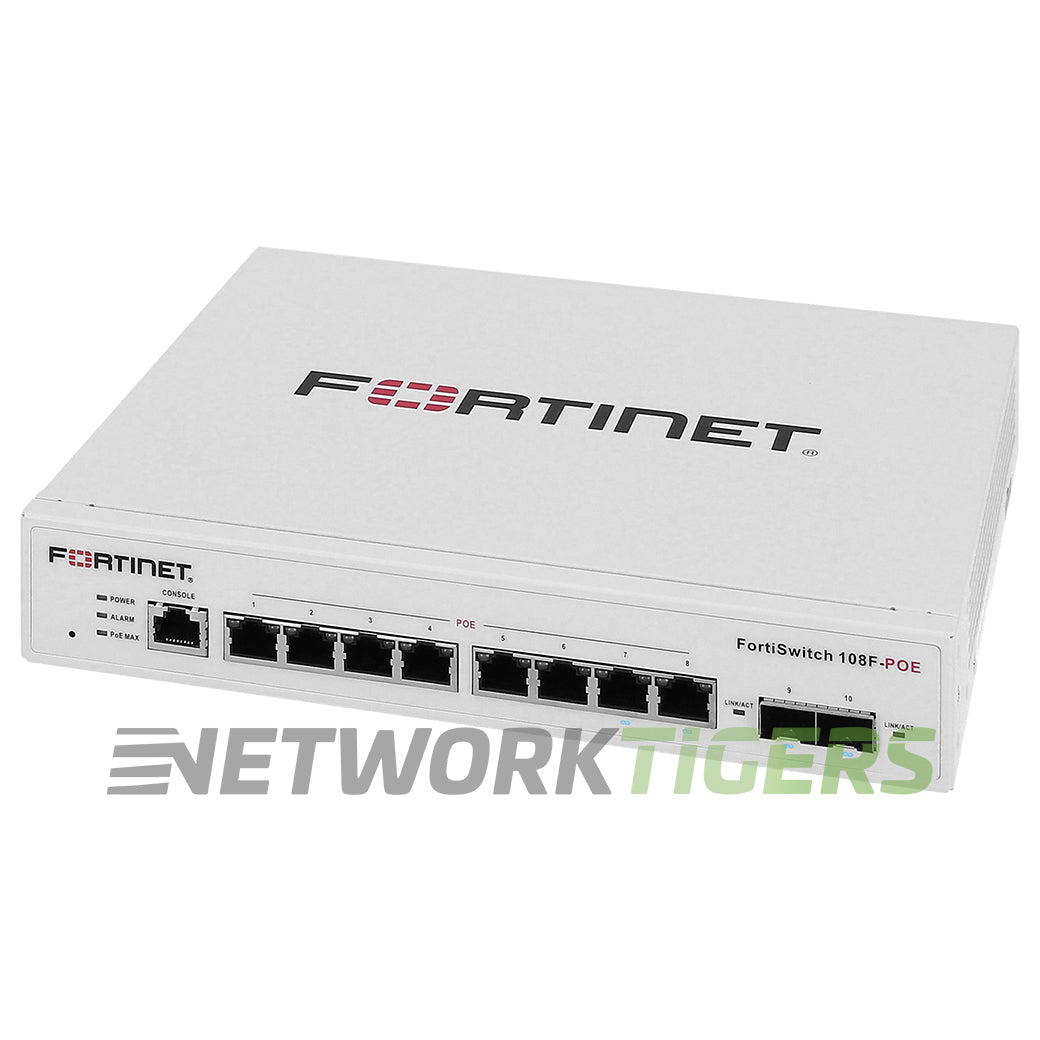 NEW Fortinet FS-108F-PoE 8x 1GB PoE RJ45 2x SFP Registrable / Unclaimed Switch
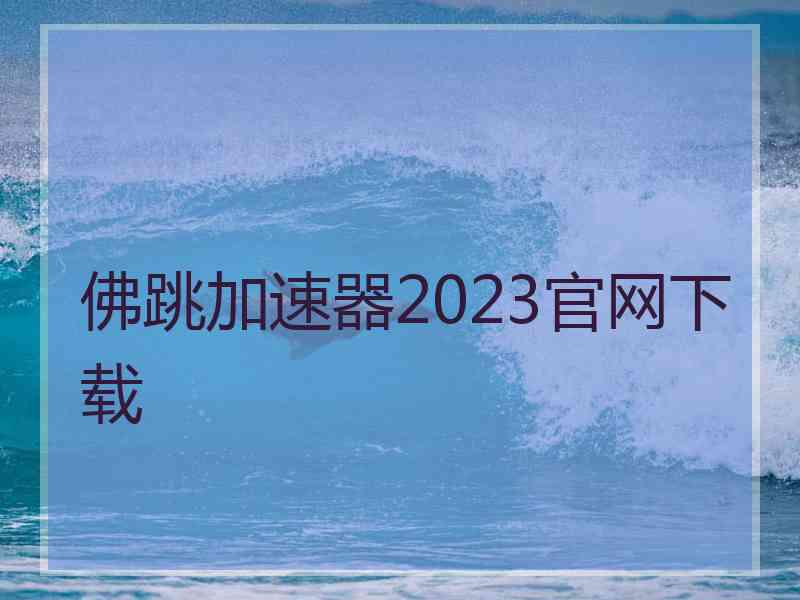 佛跳加速器2023官网下载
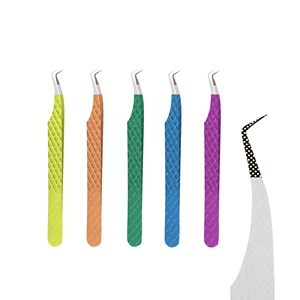 Pince à épiler d'extension de cils à pointe en fibre de diamant Logo personnalisé Pince à cils Volume de botte mince Marque privée Acier inoxydable - Product Image 3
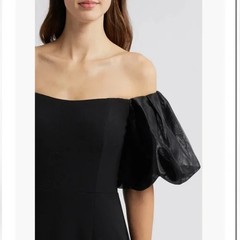 Eliza J Black Off the Shoulder Puff Sleeve Trumpet Gown Size 12 $188
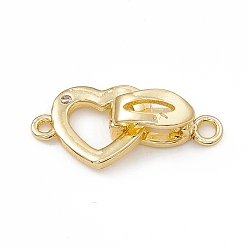 Real 18K Gold Plated Rack Plating Brass Pave Clear Cubic Zirconia Fold Over Clasps, Long-Lasting Plated, Heart, Real 18K Gold Plated, Oval Clasp: 13x5x5mm, Hole: 1.8mm, Heart Clasp: 13.5x10.5x1.5mm, Hole: 1.4mm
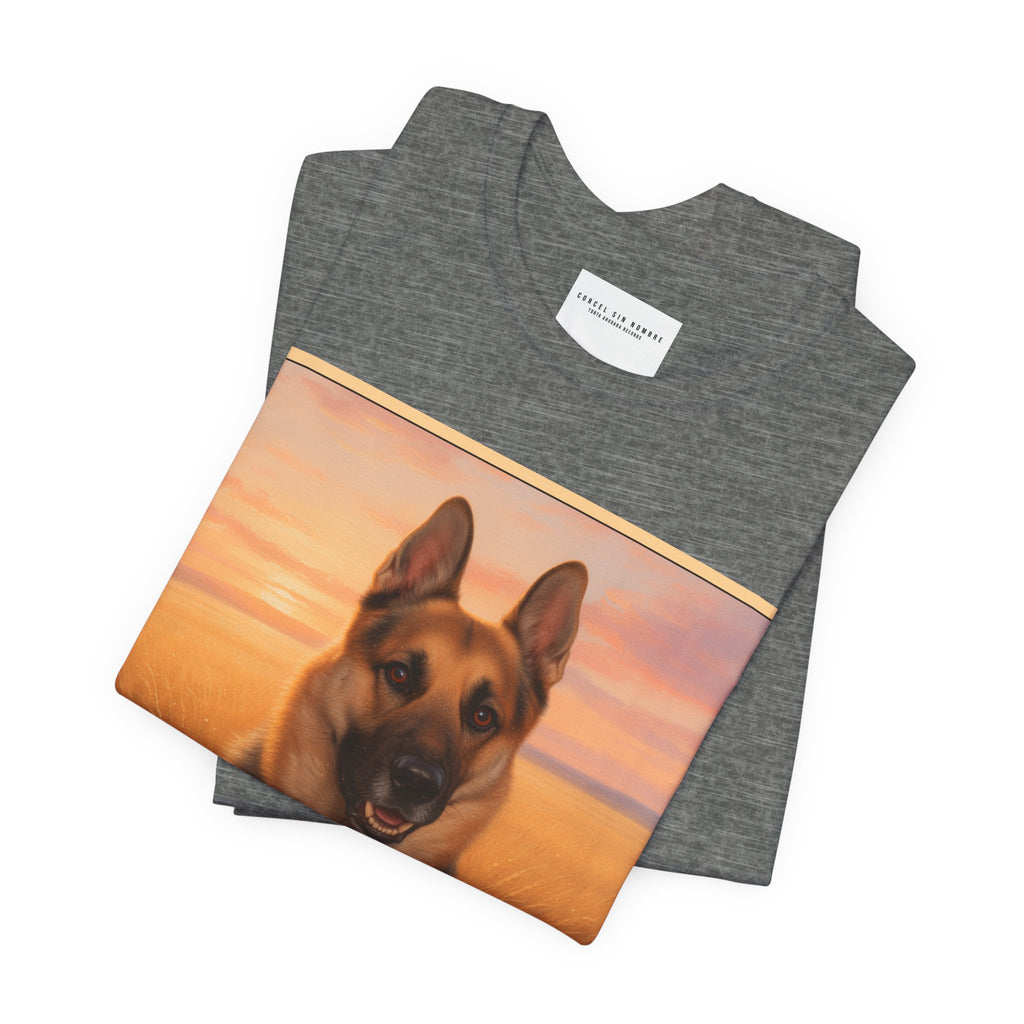 Corcel Sin Nombre | German Shepherd Portrait Tee | Dog Memorial Shirt with Sunset Photo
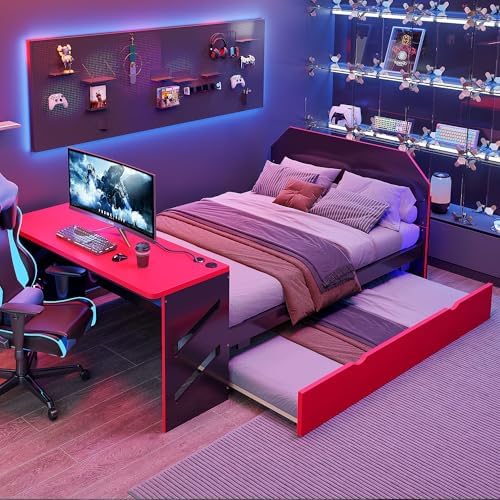 Bellemave Full Size Gaming Bed with Desk and USB,Full Bed with Trundle,Wood Platform Bed with Trundle for Girls Boys,Red by Bellemave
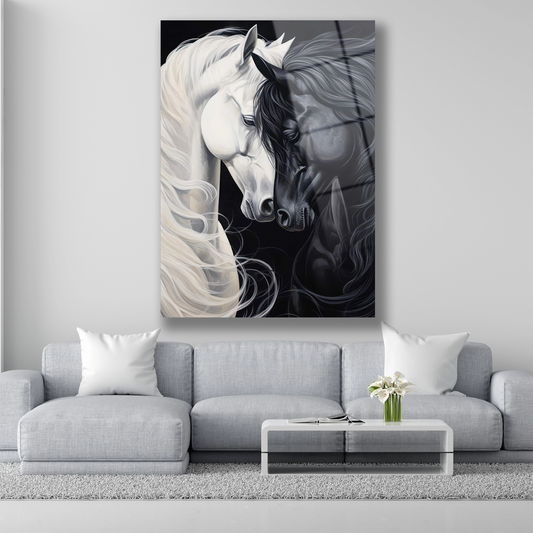 Birbirine bakan siyah ve beyaz at portresi cam tablo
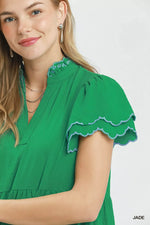 Umgee Scallop Flutter Sleeve Tiered Mini Dress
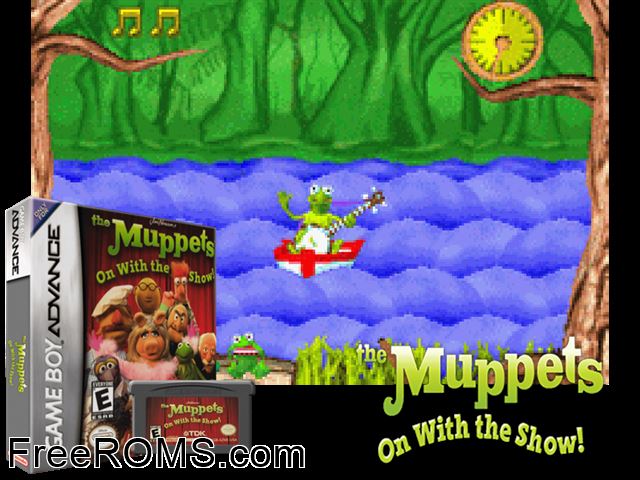 Muppets, The - On With The Show! Gameboy Advance game showing 3D box cover and gameplay screenshot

☆ ☆ ☆ ☆ ☆ ☆ ☆

The reply should hold every record, unchanged, and no pictures.

→ Task answer:
 NEW Fortinet FS-108F-PoE 8x 1GB PoE RJ45 2x SFP Registrable / Unclaimed Switch
 佛跳加速器2023官网下载
 Pince à épiler d'extension de cils à pointe en fibre de diamant Logo personnalisé Pince à cils Volume de botte mince Marque privée Acier inoxydable - Product Image 3
 Eliza J Black Off the Shoulder Puff Sleeve Trumpet Gown Size 12 $188
 Real 18K Gold Plated Rack Plating Brass Pave Clear Cubic Zirconia Fold Over Clasps, Long-Lasting Plated, Heart, Real 18K Gold Plated, Oval Clasp: 13x5x5mm, Hole: 1.8mm, Heart Clasp: 13.5x10.5x1.5mm, Hole: 1.4mm
 Corcel Sin Nombre | German Shepherd Portrait Tee | Dog Memorial Shirt with Sunset Photo
 Bellemave Full Size Gaming Bed with Desk and USB,Full Bed with Trundle,Wood Platform Bed with Trundle for Girls Boys,Red by Bellemave
 Birbirine bakan siyah ve beyaz at portresi cam tablo
 Umgee Scallop Flutter Sleeve Tiered Mini Dress
 Muppets, The - On With The Show! Gameboy Advance game showing 3D box cover and gameplay screenshot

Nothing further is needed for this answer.